In my Catholic childhood, I had a profound devotion to Mary. I prayed the Rosary over and over, and cycled through the meditations on Mary’s “Mysteries” — joyous, dolorous, and glorious — several times over. I kept up my spiritual connection with Mary even for long years after I was no longer Catholic.

During the past few years I have come to understand from whence the devotion — the hyperdoulia — to Mary derived such great strength in the Mediterranean world. I feel it was carried over from the most beloved religion of ancient Rome, that of Magna Mater Deum Idæa, the Idæan Great Mother of the Gods, Cybele. Every people in the ancient Mediterranean world that I can think of (including the Hebrews) had this intense devotion to the Mother Goddess. You just can’t take that away from a people. The Great Mother’s cultus extends further back in time in Asia Minor than anywhere, traceable back to Çatal Hüyük in the Neolithic. Various aspects of this most ancient Goddess known to humanity were taken up by the Greeks in Asia Minor, such as Rhea, Artemis, Agdistis, Gaia, Semele. She also seems to have been the Goddess of Minoan Crete; the Minoans are thought to have originated from Asia Minor.

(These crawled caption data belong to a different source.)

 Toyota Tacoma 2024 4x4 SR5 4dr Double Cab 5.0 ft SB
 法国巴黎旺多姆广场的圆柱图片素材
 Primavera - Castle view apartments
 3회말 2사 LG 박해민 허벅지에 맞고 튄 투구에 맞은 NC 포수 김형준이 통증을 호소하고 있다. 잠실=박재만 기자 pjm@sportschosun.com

The Romans claimed a similar origin, so to adopt Cybele as the Goddess of Rome seemed natural to them.

Magna Mater’s worship was recognizably continued into Christianity as devotion to Mary. It was perhaps still the strongest in Asia Minor where it had originated. It was the Council at Ephesus that declared Mary “theotokos.” Ephesus had been a center of Goddess worship since Hittite times. Its original Luwian name was Apasas and it was recorded in early Hittite tablets dating to 1500 BC. Roman devotion to Cybele ran deep. Not coincidentally, when a Basilica was built over the site of a temple to Cybele, to occupy the site, it was dedicated to Santa Maria Maggiore.

Santa Maria.

This is the other thing in the other thread that squicked me out and made me want to respond. Why do they feel the need to get so literally anatomical about it? It reminds me too much of cultures where they inspect girls’ hymens before marriage and crap like that to keep women under control.

I tend to be much more comfortable with a mother goddess than a father god. Because to me the ultimate in masculinity does not care either way.

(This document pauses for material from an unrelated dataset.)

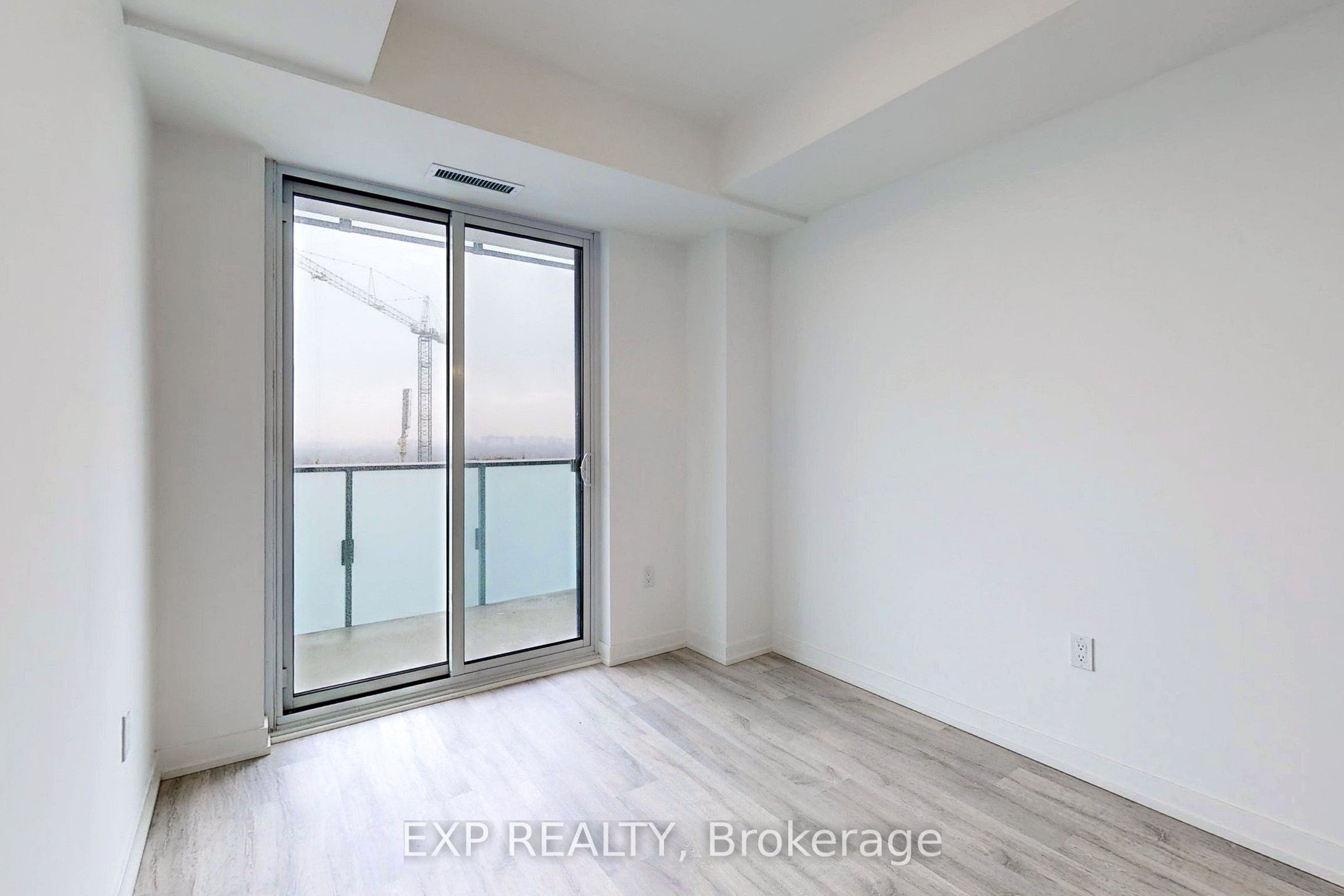 7 Golden Lion Hts Avenue, #1409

I had a relationship with a girl who was “Inanna” when she was being nice, and “Kali” when she was being nasty. That was a very intense relationship, and introduced me to a lot of different ways of thinking. My current relationship is more on the virgin Mary level.

In my meditations, I can summon up an image of a female entity much more readily than I can a masculine entity. It’s sort of like a looking in the mirror thing. Like the masculine entity is behind my perception, and the feminine entity is looking back at me.

When I speak of “God” I don’t use he, she or it, to describe God, because I don’t think those pronouns do it justice, I don’t use any word that implies gender at all, and that includes gender neutrals, because God is an overarching concept that is beyond that, even though I am male I still encompass masculine and feminine traits, and God is me as well as being beyond me and I wouldn’t want to attach a masculine OR feminine bias to such an entity anymore than I absolutely must.

I will use any archetype that I must to interface with these entities, but more often than not my deities are unique and have commonalities with deities from myth and legend, but are not them.

Erek

Hell, yeah! Why bother with Jehovah when you can hang with the one who was big when he was in short pants and coughing up thunderstorms in Mesopotamia? Gimme the Owl Goddess whose cult goes back tens of thousands of years! (looking at various websites about Her) The Feminists and New-Agers have latched onto Her, too? Crap! Looks like I need a new religion, AGAIN. At least the Mithraists have some good bar-b-que.

Besides, it is NOT official doctrine. It is not discussed, it is a non-issue. I don’t know where it started or where it came from. Maybe it came from someone who has “problems” with sex?

I recall reading one of St. Augustine’s sermons, which made reference to Jesus’ birth not affecting Mary’s ‘physical virginity’. Don’t remember which sermon, though.

Slight distinction: Jesus is sinless by nature, but Mary was protected from personal sin through God’s grace, not through her own effort. Again, according to the Catechism.

No, celibacy was mostly about fear of the offspring of clergy possibly inheriting church land.

Lissla, to be perfectly blunt, I would assume that Augustine was speaking of Mary’s hymen still being intact after birth. Of course, we have to remember that Augustine, while he may have been a greater writer and early church father, most definitely had some issues. (Particularly with his mother, IIRC).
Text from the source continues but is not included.